Brief: Copy the data word for word, keeping every line.

Data block:
===

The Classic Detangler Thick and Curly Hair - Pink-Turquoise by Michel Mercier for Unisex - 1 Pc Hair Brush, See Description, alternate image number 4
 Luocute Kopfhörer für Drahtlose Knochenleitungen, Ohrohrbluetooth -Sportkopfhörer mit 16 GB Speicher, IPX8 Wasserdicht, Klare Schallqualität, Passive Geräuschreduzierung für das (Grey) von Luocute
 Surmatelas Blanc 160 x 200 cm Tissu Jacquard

===

Output of the task:
The Classic Detangler Thick and Curly Hair - Pink-Turquoise by Michel Mercier for Unisex - 1 Pc Hair Brush, See Description, alternate image number 4
 Luocute Kopfhörer für Drahtlose Knochenleitungen, Ohrohrbluetooth -Sportkopfhörer mit 16 GB Speicher, IPX8 Wasserdicht, Klare Schallqualität, Passive Geräuschreduzierung für das (Grey) von Luocute
 Surmatelas Blanc 160 x 200 cm Tissu Jacquard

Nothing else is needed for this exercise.